# WHAT YOU WILL DO:
Return the lines beginning at the one that contains "See by Chloé" and continuing to the end of the entries, including both ends, exactly as written and nothing else.

Stored dataset items:
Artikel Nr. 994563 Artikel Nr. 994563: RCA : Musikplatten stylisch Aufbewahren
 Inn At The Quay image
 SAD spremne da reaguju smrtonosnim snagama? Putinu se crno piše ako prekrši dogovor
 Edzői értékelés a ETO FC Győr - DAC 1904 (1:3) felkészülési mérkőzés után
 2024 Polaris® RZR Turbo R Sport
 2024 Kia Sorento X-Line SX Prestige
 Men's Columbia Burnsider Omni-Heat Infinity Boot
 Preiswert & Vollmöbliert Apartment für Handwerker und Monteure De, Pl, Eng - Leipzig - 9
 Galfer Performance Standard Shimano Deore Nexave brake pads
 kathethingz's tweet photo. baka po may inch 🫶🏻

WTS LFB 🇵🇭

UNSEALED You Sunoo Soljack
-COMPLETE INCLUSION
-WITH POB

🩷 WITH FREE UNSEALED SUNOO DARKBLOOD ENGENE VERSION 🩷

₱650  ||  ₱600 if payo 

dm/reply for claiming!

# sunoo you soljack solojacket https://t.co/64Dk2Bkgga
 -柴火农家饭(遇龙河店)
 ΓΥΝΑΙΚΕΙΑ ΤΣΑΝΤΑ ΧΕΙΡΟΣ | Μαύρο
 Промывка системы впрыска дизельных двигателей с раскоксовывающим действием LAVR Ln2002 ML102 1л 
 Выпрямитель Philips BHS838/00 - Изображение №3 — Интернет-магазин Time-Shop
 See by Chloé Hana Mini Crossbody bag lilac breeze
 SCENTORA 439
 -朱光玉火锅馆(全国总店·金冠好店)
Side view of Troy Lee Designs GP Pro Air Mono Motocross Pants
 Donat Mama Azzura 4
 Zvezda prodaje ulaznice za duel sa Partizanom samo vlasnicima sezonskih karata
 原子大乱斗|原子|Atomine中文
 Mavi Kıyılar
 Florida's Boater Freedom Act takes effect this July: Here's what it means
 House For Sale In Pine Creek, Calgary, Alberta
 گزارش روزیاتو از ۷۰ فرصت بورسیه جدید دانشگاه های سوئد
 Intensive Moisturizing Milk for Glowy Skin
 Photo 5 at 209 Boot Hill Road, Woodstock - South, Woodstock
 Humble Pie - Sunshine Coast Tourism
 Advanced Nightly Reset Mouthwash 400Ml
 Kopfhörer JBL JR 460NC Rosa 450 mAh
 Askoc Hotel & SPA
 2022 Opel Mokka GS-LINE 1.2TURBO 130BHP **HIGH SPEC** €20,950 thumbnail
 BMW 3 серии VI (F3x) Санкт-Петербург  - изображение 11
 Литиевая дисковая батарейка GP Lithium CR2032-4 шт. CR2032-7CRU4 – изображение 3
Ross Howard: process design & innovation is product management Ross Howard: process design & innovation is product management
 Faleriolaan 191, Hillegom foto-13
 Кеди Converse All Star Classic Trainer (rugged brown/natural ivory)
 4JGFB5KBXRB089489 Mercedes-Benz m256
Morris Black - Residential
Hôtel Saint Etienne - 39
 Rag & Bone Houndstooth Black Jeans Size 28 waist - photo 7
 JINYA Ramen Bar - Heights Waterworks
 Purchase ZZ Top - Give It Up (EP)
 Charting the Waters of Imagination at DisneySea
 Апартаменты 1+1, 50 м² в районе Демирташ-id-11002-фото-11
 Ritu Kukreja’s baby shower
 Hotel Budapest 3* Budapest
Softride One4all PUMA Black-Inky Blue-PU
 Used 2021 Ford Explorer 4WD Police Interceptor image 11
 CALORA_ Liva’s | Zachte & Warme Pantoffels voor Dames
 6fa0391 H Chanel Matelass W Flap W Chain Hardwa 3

# EXERCISE ANSWER:
 See by Chloé Hana Mini Crossbody bag lilac breeze
 SCENTORA 439
 -朱光玉火锅馆(全国总店·金冠好店)
Side view of Troy Lee Designs GP Pro Air Mono Motocross Pants
 Donat Mama Azzura 4
 Zvezda prodaje ulaznice za duel sa Partizanom samo vlasnicima sezonskih karata
 原子大乱斗|原子|Atomine中文
 Mavi Kıyılar
 Florida's Boater Freedom Act takes effect this July: Here's what it means
 House For Sale In Pine Creek, Calgary, Alberta
 گزارش روزیاتو از ۷۰ فرصت بورسیه جدید دانشگاه های سوئد
 Intensive Moisturizing Milk for Glowy Skin
 Photo 5 at 209 Boot Hill Road, Woodstock - South, Woodstock
 Humble Pie - Sunshine Coast Tourism
 Advanced Nightly Reset Mouthwash 400Ml
 Kopfhörer JBL JR 460NC Rosa 450 mAh
 Askoc Hotel & SPA
 2022 Opel Mokka GS-LINE 1.2TURBO 130BHP **HIGH SPEC** €20,950 thumbnail
 BMW 3 серии VI (F3x) Санкт-Петербург  - изображение 11
 Литиевая дисковая батарейка GP Lithium CR2032-4 шт. CR2032-7CRU4 – изображение 3
Ross Howard: process design & innovation is product management Ross Howard: process design & innovation is product management
 Faleriolaan 191, Hillegom foto-13
 Кеди Converse All Star Classic Trainer (rugged brown/natural ivory)
 4JGFB5KBXRB089489 Mercedes-Benz m256
Morris Black - Residential
Hôtel Saint Etienne - 39
 Rag & Bone Houndstooth Black Jeans Size 28 waist - photo 7
 JINYA Ramen Bar - Heights Waterworks
 Purchase ZZ Top - Give It Up (EP)
 Charting the Waters of Imagination at DisneySea
 Апартаменты 1+1, 50 м² в районе Демирташ-id-11002-фото-11
 Ritu Kukreja’s baby shower
 Hotel Budapest 3* Budapest
Softride One4all PUMA Black-Inky Blue-PU
 Used 2021 Ford Explorer 4WD Police Interceptor image 11
 CALORA_ Liva’s | Zachte & Warme Pantoffels voor Dames
 6fa0391 H Chanel Matelass W Flap W Chain Hardwa 3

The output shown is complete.